The dataset contained individual tweet event content, metrics derived from the text of the tweet and user data. The data had the following schema:
['id', 'text', 'source', 'user_id', 'truncated', 'in_reply_to_status_id',
'in_reply_to_user_id', 'in_reply_to_screen_name', 'retweeted_status_id',
'geo', 'place', 'contributors', 'retweet_count', 'reply_count',
'favorite_count', 'favorited', 'retweeted', 'possibly_sensitive',
'num_hashtags', 'num_urls', 'num_mentions', 'created_at', 'timestamp',
'crawled_at', 'updated', 'user_type', 'counts']
One technical problem we encountered was an out of memory error when processing the nearly 1GB tweets.csv file. Our workaround was to read in small chunk sizes. Even though this was a relatively clean dataset, we still encountered empty fields and ‘NA’ in the user_id column which we cleaned.
The processing of traditional bots was slightly different from processing human tweets because the language field in the traditional bot dataset was empty. We employed language detection modules to scan the name, location, and description column to detect if the user was an English Language Twitter users. This step was necessary to prepare the data for NLP technique application. Social spam bots are built to mimic human users, so we were able to use the human sample extraction code on these bots.
We added our classification response variable, called ‘user_type’ to tweet-level datasets. The user_type was set as a Boolean field and indicated a human if 1 and a bot if 0. We used this field for stratified sampling when generating train/test/validation datasets.
Results of feature analysis indicated that the most useful fields for our classification efforts were: retweet count, favorite count, num hashtags, num urls, and num mentions and sentiment_negative. Analyzing the .info() output shows us that five of the features are empty or have 0 for every value and we will drop these from the dataset: ‘geo’, ‘contributors’, ‘favorited’, ‘possibly_sensitive’, ‘retweeted’, ‘reply_count’.
Since we did not perform any network analysis, we dropped ‘in_reply_to_status_id’, ‘in_reply_to_user_id’, and ‘retweeted_status_id’, which are fields that can be used to reconstruct communications connectivity of an individual tweet. Other fields that we removed were id source, created_at, crawled_at, and updated. Since we are not performing temporal analysis, we removed the timestamp.
No linear relationships between features were identified by plotting correlation matrices. Pairplots generated for the remaining 14 features. did not identify any non-linear correlation.
Next, data were plotted to identify features that would help the models discriminate between the two classes. The following are plots for features with the strongest predictive value.
The values seen in “retweet_count“ for human versus bot users is visualized in Figure 1.
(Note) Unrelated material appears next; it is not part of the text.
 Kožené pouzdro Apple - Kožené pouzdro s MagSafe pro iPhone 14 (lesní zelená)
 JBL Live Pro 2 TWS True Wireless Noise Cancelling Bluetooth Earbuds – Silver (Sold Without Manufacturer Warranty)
The retweet_count feature takes on multiple values for human users, but for bots most values are nearly 0. Perhaps bots are boosting media, rather than creating original content that others also want to retweet.
A histogram of frequency of “Num_urls” values per user is seen in Figure 2.

The plot indicates that bots had more tweets with 1 url, whereas humans had more tweets with 0 urls. Again, the purpose of the bot is to boost a particular site or message, which means the tweet should be boosting a URL.
The plot of values for favorite_count in Figure 3, show that humans had a greater range of values for favorite_count than bots.

Again, the bots were likely boosting media, and not creating new content that users would favorite.
The final predictor of this set was the Num_mentions feature.

The histogram in Figure 4 shows a small area where humans have a higher density of users with num_mentions of 2, and at the upper extreme where only bots have num_mentions. The values where only bots take on values is easier to visualize in the scatterplot of num_mentions values in Figure 5.

To further identify strong base predictors, we also performed filtering of low variance features by using sklearn’s variance threshold method which further identified the following features to be used as baseline features: retweet_count, favorite_count, num_hashtags, num_urls, num_mentions.